Pictures with short captions:
——

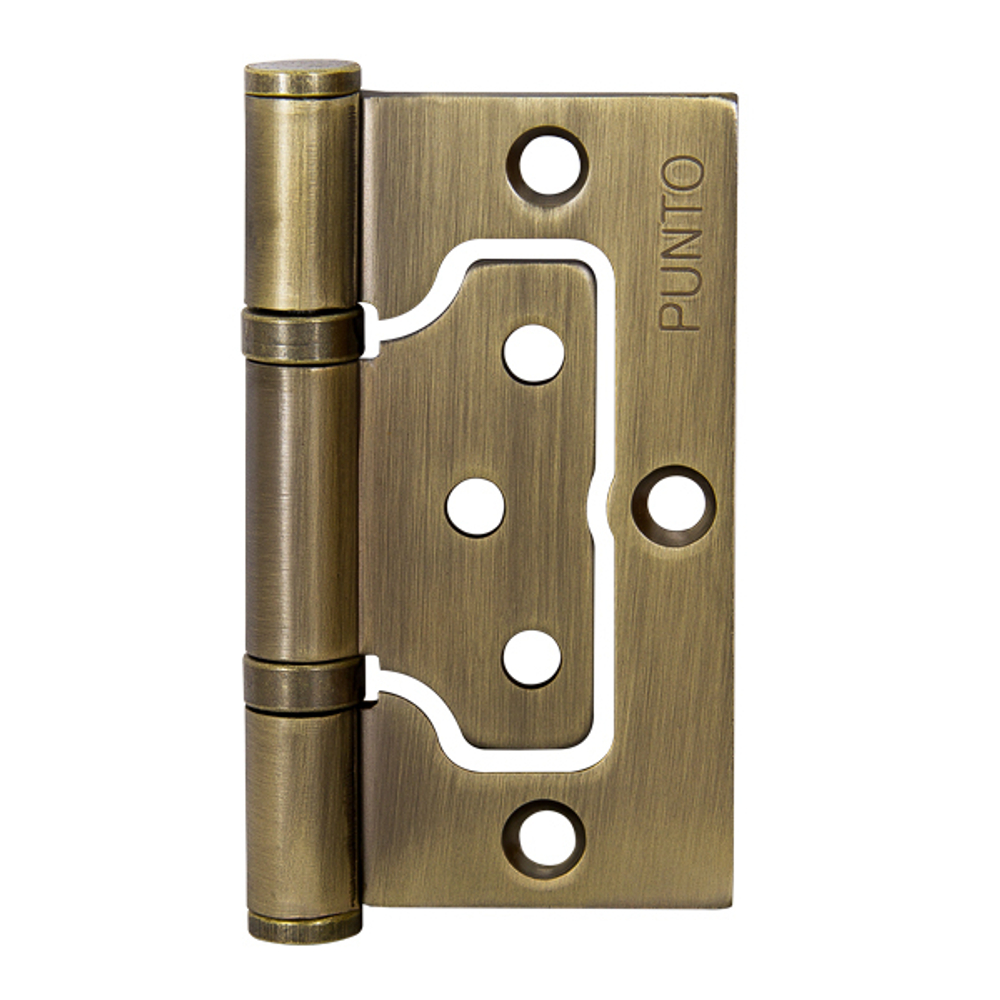 Петля универсальная без врезки IN3200W WAB (200-2B 75x2,5) мат. бронза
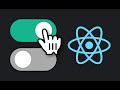 How To Build A Toggle In React | React JS Tutorial For Beginners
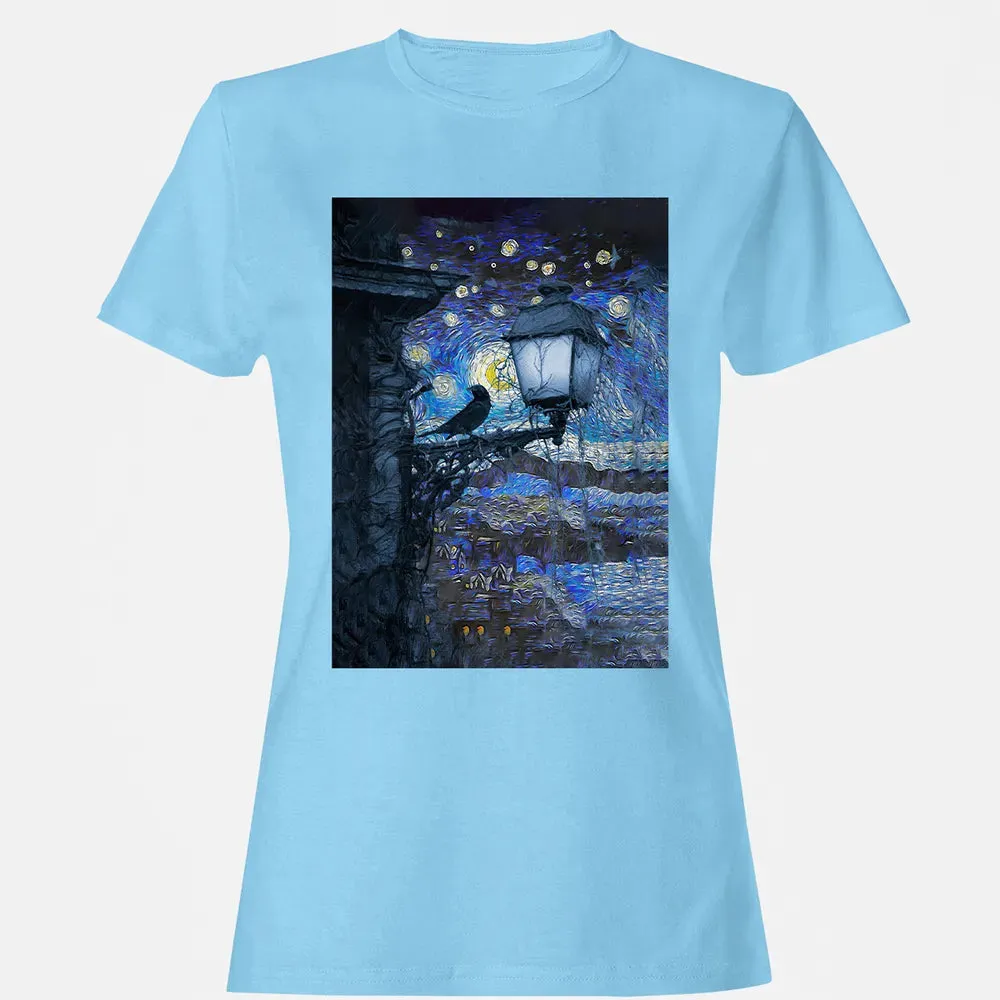 Poe Raven Women's T-shirt - 8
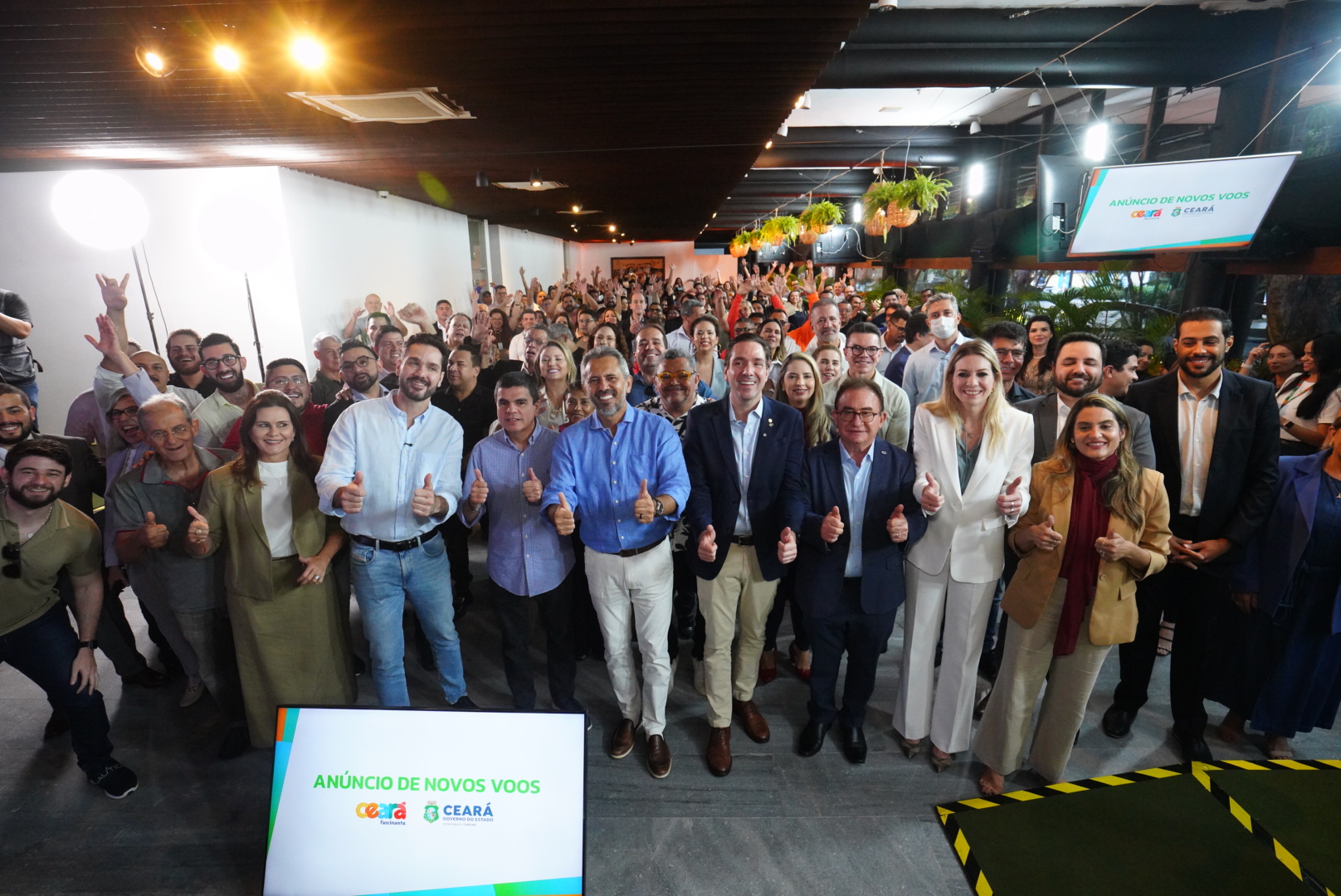 Governo do Ceará anuncia conexão direta com dois novos destinos: Montevidéu e Foz do Iguaçu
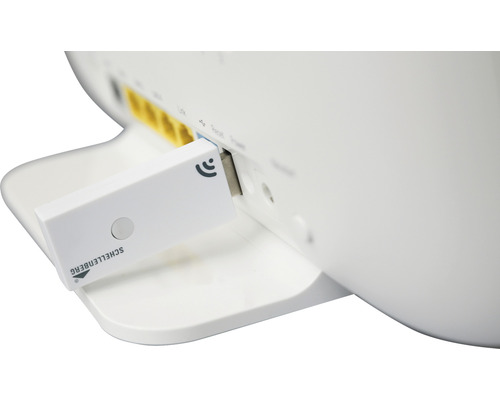 Clé radio Schellenberg avec routeur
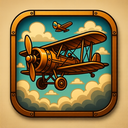 icon_sports_airplane_steampunk icon preview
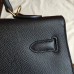 Replica Handbag Store Black Epsom Kelly 35cm Handmade Bag Replica Handbag Store Black Epsom Kelly 35cm Handmade Bag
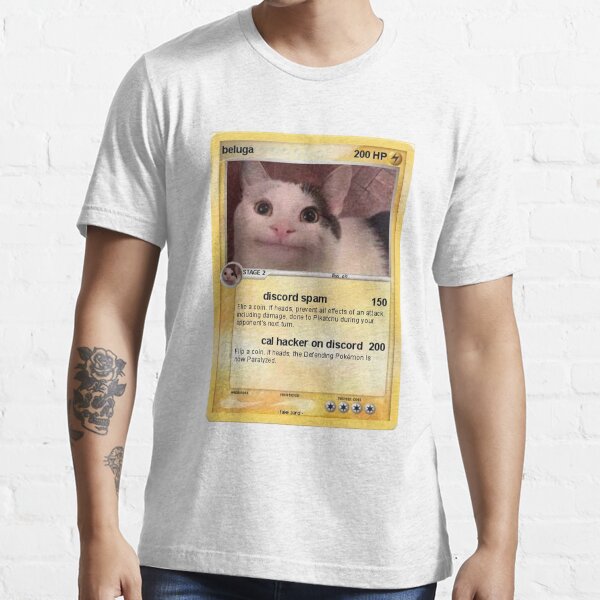 Beluga Cat Identification Card Unisex T-Shirt - Teeruto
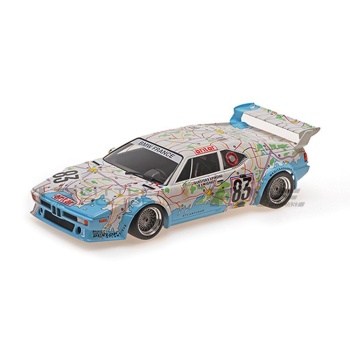 MINICHAMPS 1/18 - BMW M1 - 24h Le Mans 1980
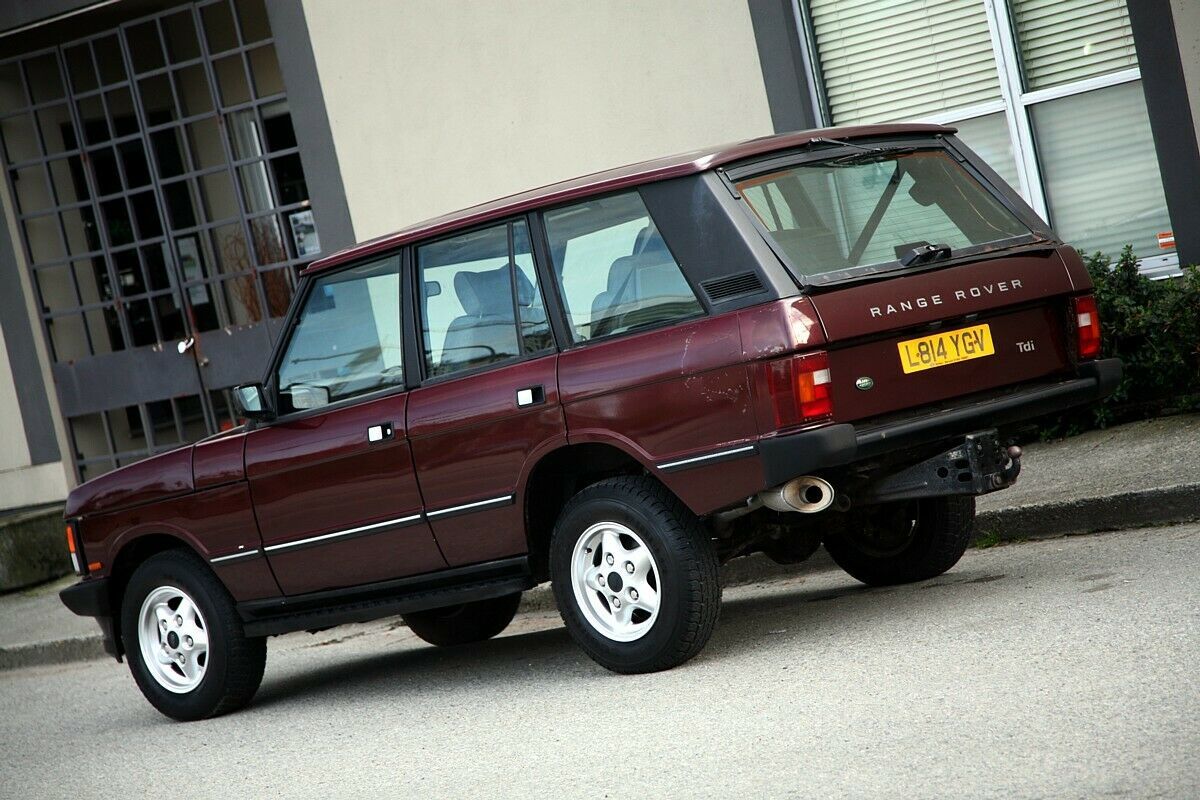 1994 Land Rover Range Rover COUNTY - photo 9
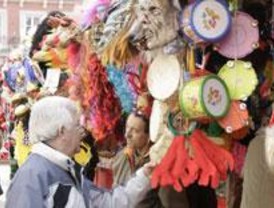 Los mercadillos navideños toman la capital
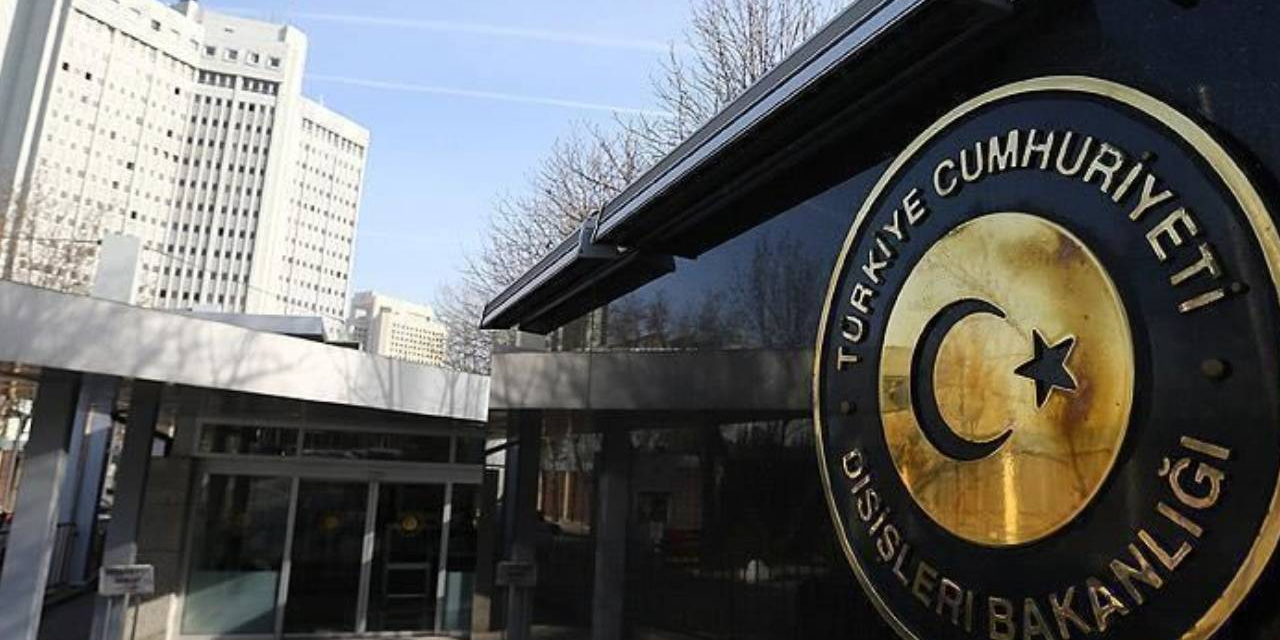 Dışişleri Bakanlığı'ndan Yunanistan'a 'Pontus' tepkisi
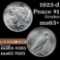 1923-d Peace Dollar $1 Grades Select+ Unc (fc)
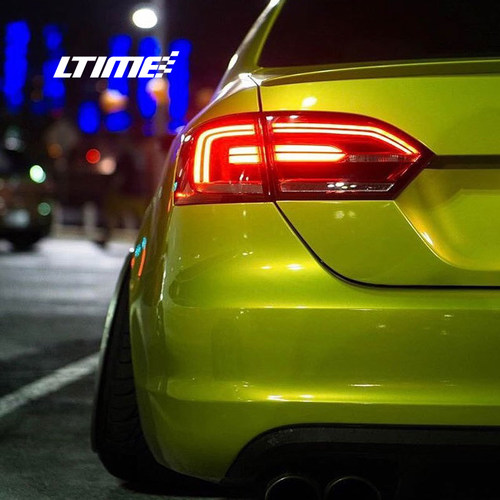 今日包邮12-14速腾尾灯改装流光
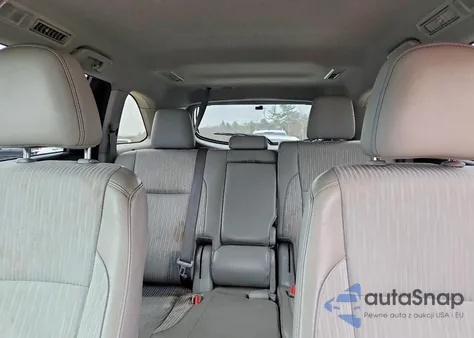 2015 Toyota Highlander Le Plus from USA, damaged, VIN 5TDBKRFHXFS171655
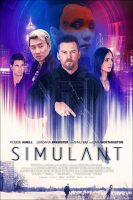 Simulant Movie Poster (2023)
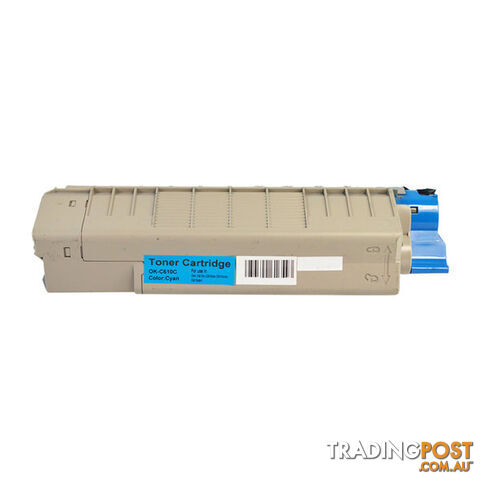 C610 44315311 Cyan Premium Generic Toner Cartridge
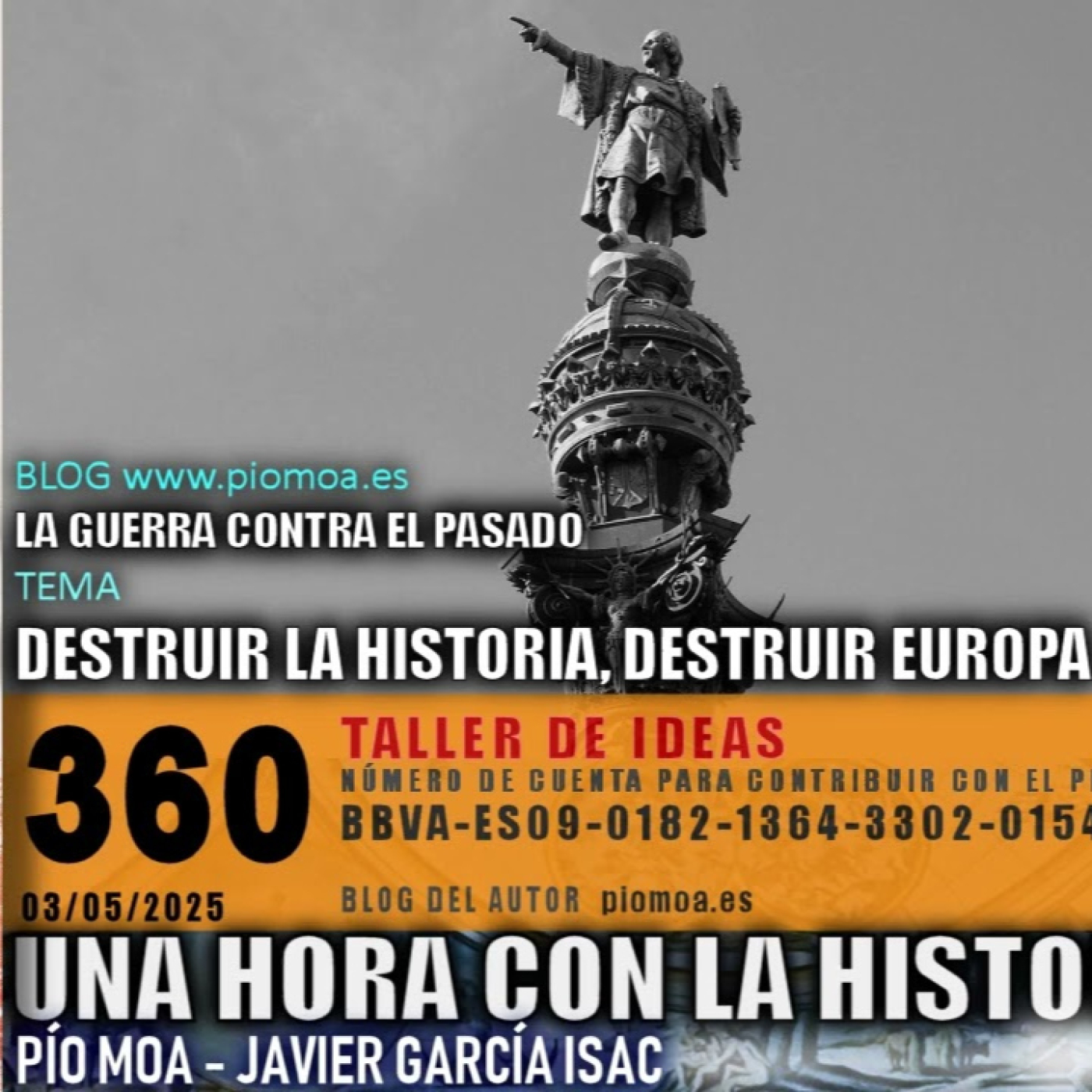 Una Hora con la Historia - Pío Moa y Javier García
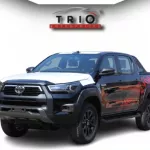 TOYOTA HILUX ADVENTURE 4.0L PETROL 2026 MODEL YEAR BLACK COLOR ( OMAN SPEC ) - Thumbnail 1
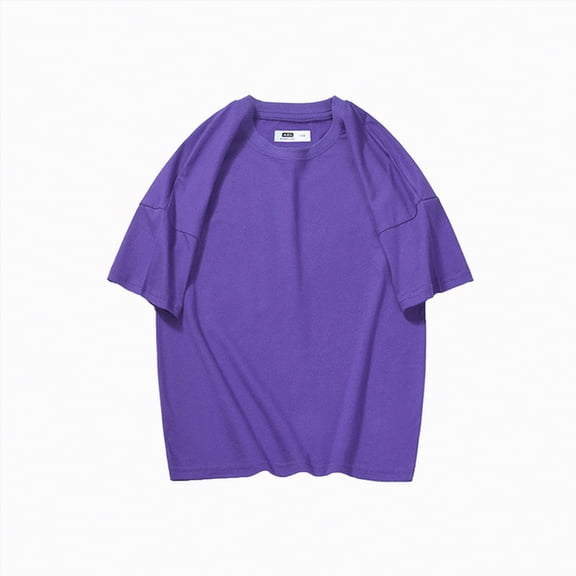 Kogui Baby Tshirt Boys' Assorted Everyday Short Sleeve Graphic T-Shirts Size 7-8 (Purple,7-8 Years)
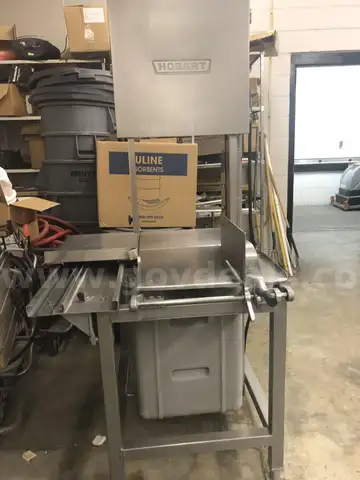 2011 Hobart 6801 Bandsaw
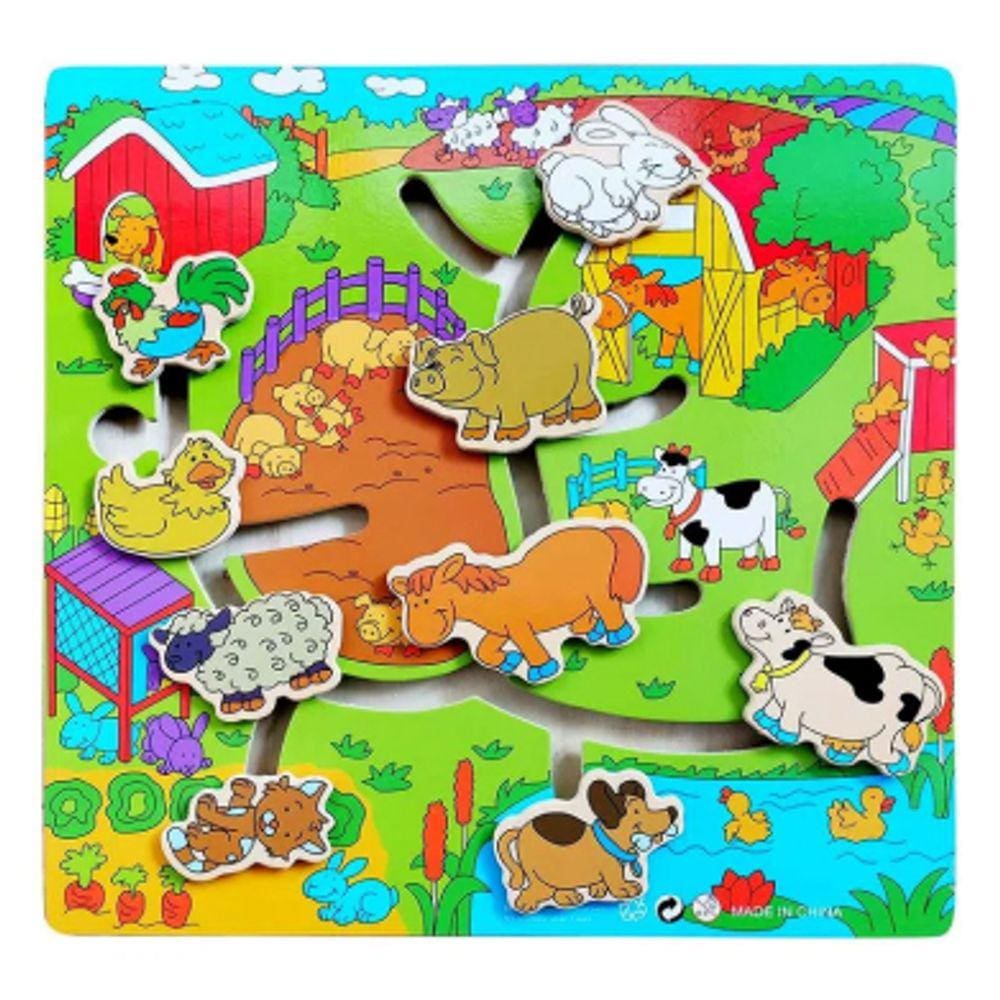 Aprenda Brincando Animais Da Fazenda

——

**Required work**: Would you retype every line shown above exactly, leaving the pictures aside?

**Result**:
 Петля универсальная без врезки IN3200W WAB (200-2B 75x2,5) мат. бронза
 How To Build A Toggle In React | React JS Tutorial For Beginners
 Poe Raven Women's T-shirt - 8
 Governo do Ceará anuncia conexão direta com dois novos destinos: Montevidéu e Foz do Iguaçu
 Clé radio Schellenberg avec routeur
 icon_sports_airplane_steampunk icon preview
 Replica Handbag Store Black Epsom Kelly 35cm Handmade Bag Replica Handbag Store Black Epsom Kelly 35cm Handmade Bag
 Beluga Cat Identification Card Unisex T-Shirt - Teeruto
 MINICHAMPS 1/18 - BMW M1 - 24h Le Mans 1980
 1994 Land Rover Range Rover COUNTY - photo 9
 Los mercadillos navideños toman la capital
 Dışişleri Bakanlığı'ndan Yunanistan'a 'Pontus' tepkisi
 1923-d Peace Dollar $1 Grades Select+ Unc (fc)
 今日包邮12-14速腾尾灯改装流光
 2015 Toyota Highlander Le Plus from USA, damaged, VIN 5TDBKRFHXFS171655
 Simulant Movie Poster (2023)
 C610 44315311 Cyan Premium Generic Toner Cartridge
 Una Hora con la Historia - Pío Moa y Javier García
 TOYOTA HILUX ADVENTURE 4.0L PETROL 2026 MODEL YEAR BLACK COLOR ( OMAN SPEC ) - Thumbnail 1
 Kogui Baby Tshirt Boys' Assorted Everyday Short Sleeve Graphic T-Shirts Size 7-8 (Purple,7-8 Years)
 2011 Hobart 6801 Bandsaw
 Aprenda Brincando Animais Da Fazenda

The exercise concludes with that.